Jacqueline Lichtenberg has played a big part in the lives of science fiction fans. Not just creative fans who write fan fiction or produce their own media content, though she is a pioneer of fan fiction as we know it now, but also of any fan who now enjoys the organized chaos that is Fandom, as experienced at conventions or on the Internet. But let me tell it to you as I lived it. Do I ever tell it any other way?
In 1973, I was eight years old and a huge Star Trek fan. It was always on television, usually twice a day. Except for a brief dry spell when an episode about possession called “The Lights of Zetar” scared me so badly that I could neither eat nor sleep for a while, I watched it faithfully. My brother had been a fan even longer. He was, after all, eight years old when the show premiered. I was just a baby at the time, so I had to catch up later. I still remember the night I discovered, on my brother’s book shelf, seven paperbacks labeled Star Trek 1 – 7. They contained short prose renderings of the episodes by noted SF author and critic James Blish. My favorite show? In book form? I was hooked. For several years, I read nothing but Blish’s Star Trek and Greek Mythology. Hadn’t yet discovered comic books.
I bought Trek volumes 8 – 11 as they came out. Somewhere in there, Bantam, the publisher, released something called Star Trek Lives. It had the cover art from most of the Blish novels on it, so I bought it. I wasn’t sure what it was. It wasn’t short stories. It wasn’t a novel.

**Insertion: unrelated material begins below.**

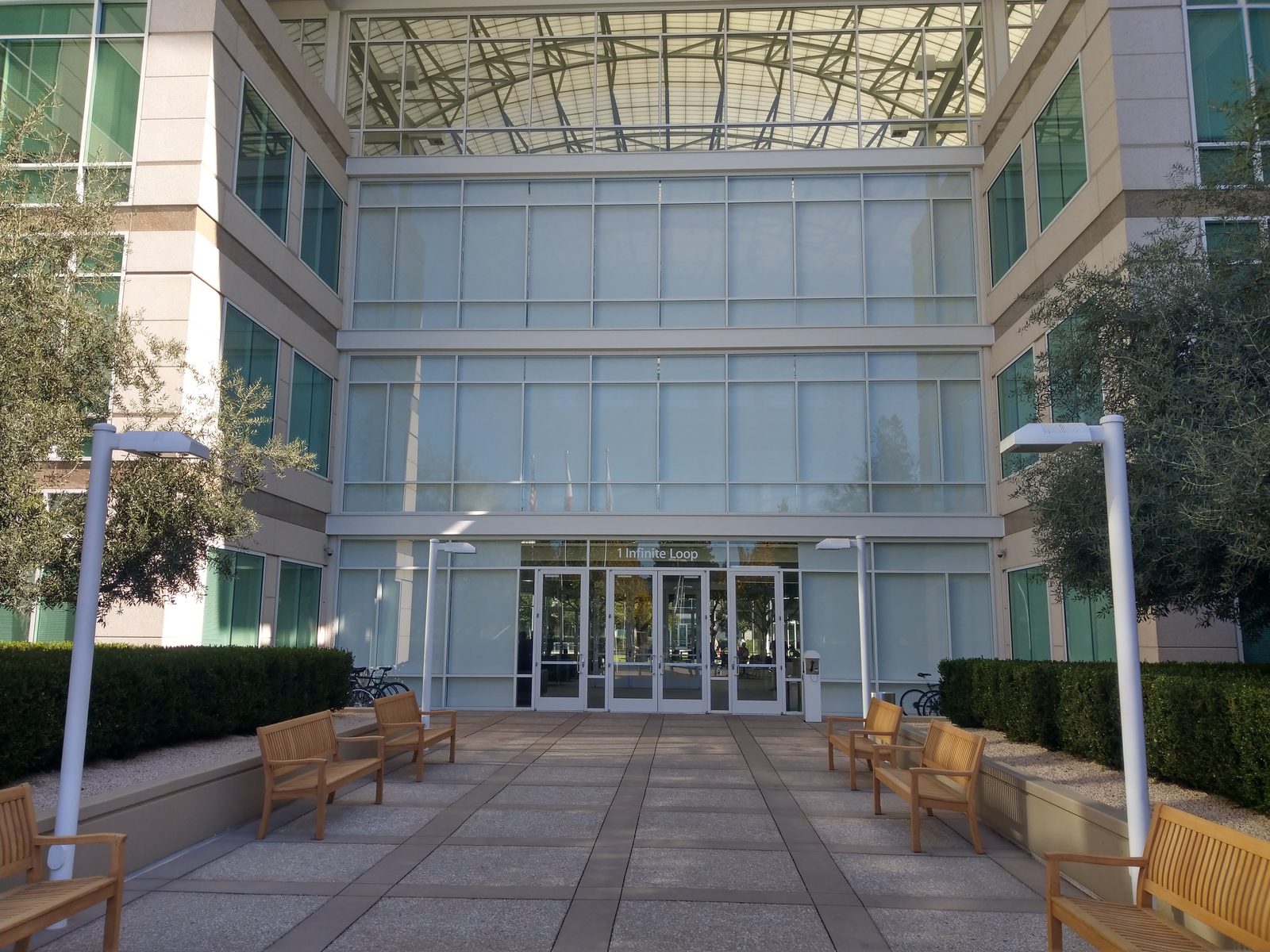 アップル本社インフィニット・ループのキャンパス Apple Infinite Loop campus entrance, Cupertino, Silicon Valley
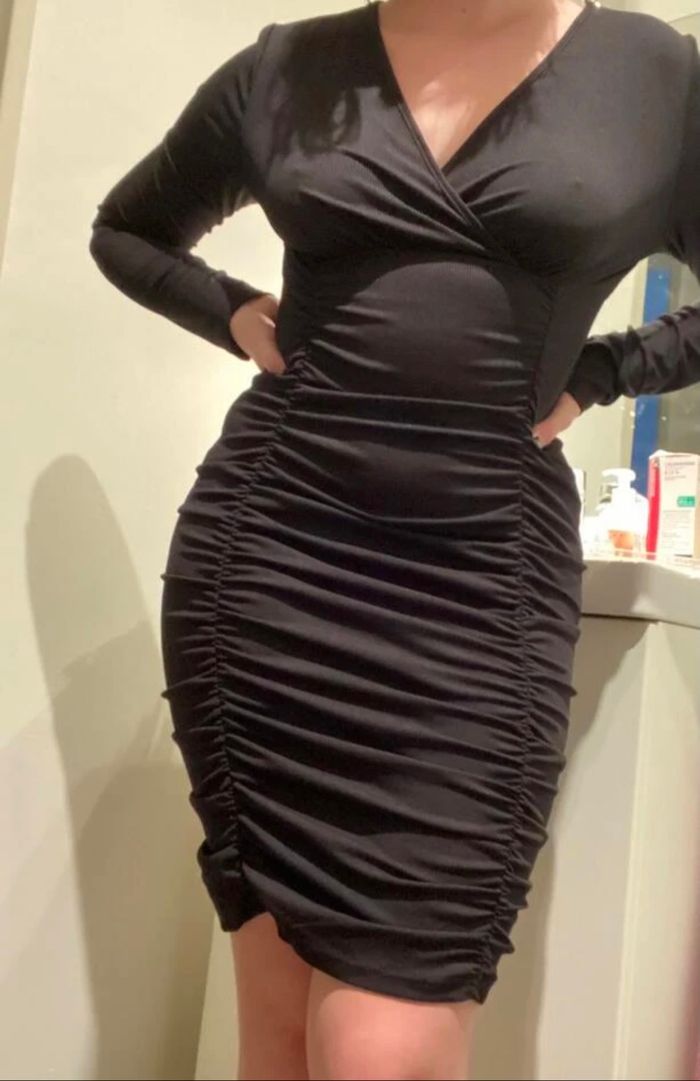 Robe noire - photo numéro 2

At that age, I wasn’t too big on tearing into a non-fiction book that was over 200 pages long, but I skimmed. A section titled “Do it yourself Star Trek” sounded interesting. I read that. It seemed that a lot of people–adults, not just kids!–liked Star Trek so much that they were writing their own stories and publishing them in things called fanzines. I was fascinated. There were also clubs, and some things called “conventions.” That was a big word, and very daunting. I hadn’t a clue what it meant, but gosh it sounded important. And there was an organization, the Star Trek Welcommittee, which helped fans keep track of where all this stuff happened, when it happened, and how you could be part of it. Jacqueline Lichtenberg was a co-author of the book, an author of a lot of that “do it yourself Star Trek,” and founder of said Welcommittee.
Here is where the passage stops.